Also, when the SDN controller seeks statistics from different tables, the SDN Agent does the aggregation of the results obtained from both devices (host and sNIC) before sending to the controller. Note: it is possible to infer such required state dependency based on the P4 code provided by the SDN controller. Overall, the SDN Agent ensures the different switching components (host P4 switch and sNIC) are opaque to the SDN controller and optimizes resource usage to reduce the packet latency by intelligent assignment of NFs and tables to different P4 switches within the node.

## D. Interfacing with SmartNIC

The SDN Agent administers rules for the sNIC's P4 Match action tables via a Thrift Remote Procedure Call (RPC) interface. As Apache Thrift [18] is a cross-language code generation engine, we generate a Thrift client in C and integrate it with the Host's SDN Agent to add, delete, edit, and retrieve table entries. To add a table entry to the sNIC, the Thrift client first creates an instance of a table entry object. The client then populates the instance's match attribute with a JSON string that indicates which packets should match this rule and the action attribute with a JSON string that indicates the action to undertake and the corresponding arguments to pass to the action subroutine. The client must also specify whether this is the default rule and the rule name. Once the object is constructed, the runtime API is invoked with the table ID and entry instance as arguments. The API runs over Thrift's binary protocol with a blocking socket I/O protocol.

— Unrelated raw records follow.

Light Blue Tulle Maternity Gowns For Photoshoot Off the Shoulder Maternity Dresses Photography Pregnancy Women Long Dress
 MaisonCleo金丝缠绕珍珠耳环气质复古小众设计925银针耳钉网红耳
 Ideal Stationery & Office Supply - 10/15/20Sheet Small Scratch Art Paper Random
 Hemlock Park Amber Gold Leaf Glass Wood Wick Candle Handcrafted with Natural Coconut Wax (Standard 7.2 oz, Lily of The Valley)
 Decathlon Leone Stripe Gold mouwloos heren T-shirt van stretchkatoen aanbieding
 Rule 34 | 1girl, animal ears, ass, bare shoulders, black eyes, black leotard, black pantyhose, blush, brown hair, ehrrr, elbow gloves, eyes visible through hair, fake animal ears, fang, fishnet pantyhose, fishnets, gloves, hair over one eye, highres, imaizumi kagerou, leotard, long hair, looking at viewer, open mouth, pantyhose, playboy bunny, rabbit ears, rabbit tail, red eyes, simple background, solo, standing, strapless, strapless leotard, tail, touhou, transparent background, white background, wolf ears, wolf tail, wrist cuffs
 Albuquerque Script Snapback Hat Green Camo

## III. OPTIMIZATION OF TASK ASSIGNMENT BETWEEN HOST AND SMARTNIC

The optimization engine is a subcomponent of SDN Agent, responsible to efficiently partition and assign packet processing tasks across the host and sNIC P4 switches. It accounts for the forwarding latency, packet processing cost, PCIe bus bandwidth, and packet data dependency constraints. We formulate a Mixed Integer Linear Programming Problem (MILP) to guide the partitioning of the pipeline and functions between the host P4 switch and the sNIC. Overall the optimizer has the following features:

- Considers the delay caused by the number of PCIe traversal
- Considers the update rate of the rules governing different flows (sNIC update rate is limited)
- Considers the data dependency and delay caused by the amount of data exchanged over PCIe.
- Satisfying the maximum tolerable delay of each flow and minimizes the overall delay of the flows.
- Decides the place of different actions and path of the flows.
- If possible, runs NF clones on both (Host and sNIC) devices. We assume N flows are being served. Our objective is to minimize the total delay observed by all the flows:

$$Obj : \sum_{f=1}^{N} TotalDelay_f = \sum_{f=1}^{N} (ProcessingDelay_f + PCIFixedDelay_f + PCITransDelay_f)$$

Each packet is being processed through a number of tables (t) of the pipeline, where L denotes the length of the pipeline.  $C_a^H$  &  $C_a^S$  denote the time needed to perform action (a) on the packet by the host and sNIC respectively. Note that the time for performing different actions vary and the time for the same action when performed on host differs from the time it takes to perform the same action on sNIC. E.g., large state manipulation is faster on the host, while simpler actions like forward to next table are faster on sNIC. If only primitive actions are being performed on the packet, then it is one of the special cases of the actions in which the forwarding delay on the tables for that device is the major part of the delay. The delay for forwarding on each table is represented as  $T^H$  and  $T^S$  for the host and sNIC respectively. If the device does not support a specific type of action, then the delay for this action can be defined as infinity. Finally, Si, j, k shows the action k is applied for flow i in table j and A shows the total number of actions. We define the Processing delay as:

$$\begin{split} ProcessingDelay_{f} = & \sum_{t=1}^{L} \sum_{a=1}^{A} D_{f,t} * S_{f,t,a} * (C_{a}^{H} + T^{H}) + \\ & (1 - D_{f,t}) * S_{f,t,a} * (C_{a}^{S} + T^{S}) \end{split}$$

 $D_{f,t}$  is a decision variable that determines that what device serves table t for flow f. If  $D_{f,t}$  is one, it is served by host, otherwise it is served by sNIC ((1 - Df, t) = 1).

$$D_{f,1} = D_{f,L} = 0$$

Each traversal over the PCIe imposes additional delay on the packets. This delay is reflected in  $PCIFixedDelay_f$ .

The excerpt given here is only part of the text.